# [AIM OF THE EXERCISE]
The answer is the exact run of lines in the listing below from the line containing "Montangelo Heavy Cotton" up to and including the line containing "2022 Audi Q5L", with pictures removed.

# [DATA UNDER STUDY]
-- Opening Marker --
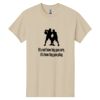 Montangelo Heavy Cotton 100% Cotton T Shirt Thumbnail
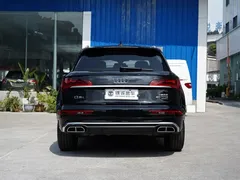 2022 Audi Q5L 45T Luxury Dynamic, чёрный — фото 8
-- Closing Marker --
-- Opening Marker --
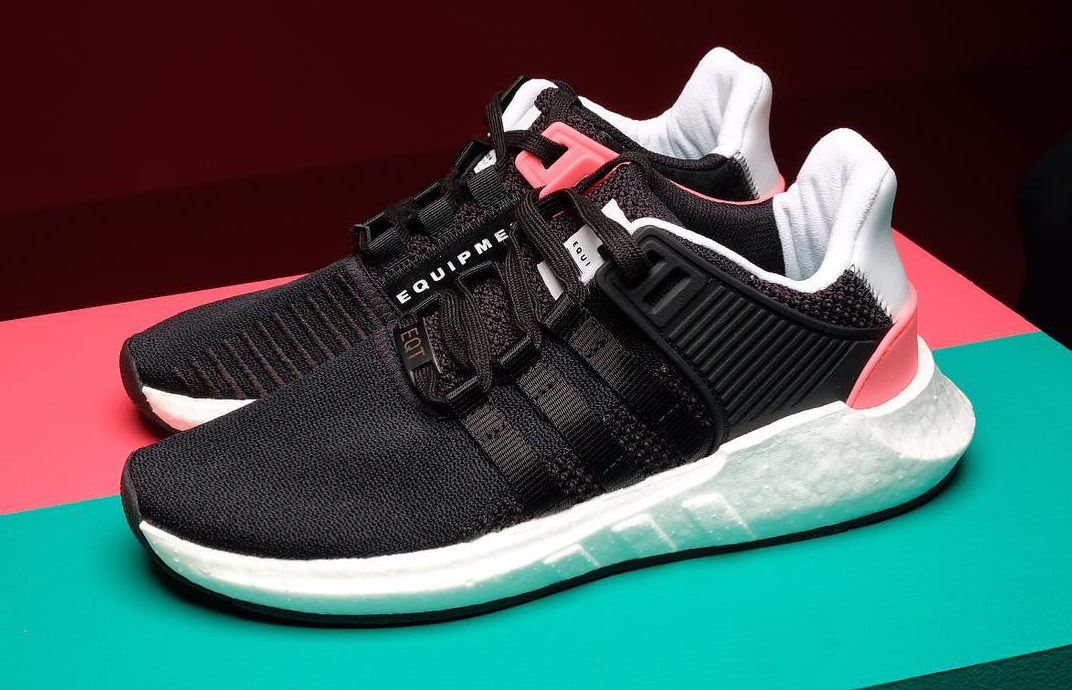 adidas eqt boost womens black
-- Closing Marker --
# [RESULT FOR THIS TASK]
 Montangelo Heavy Cotton 100% Cotton T Shirt Thumbnail
 2022 Audi Q5L 45T Luxury Dynamic, чёрный — фото 8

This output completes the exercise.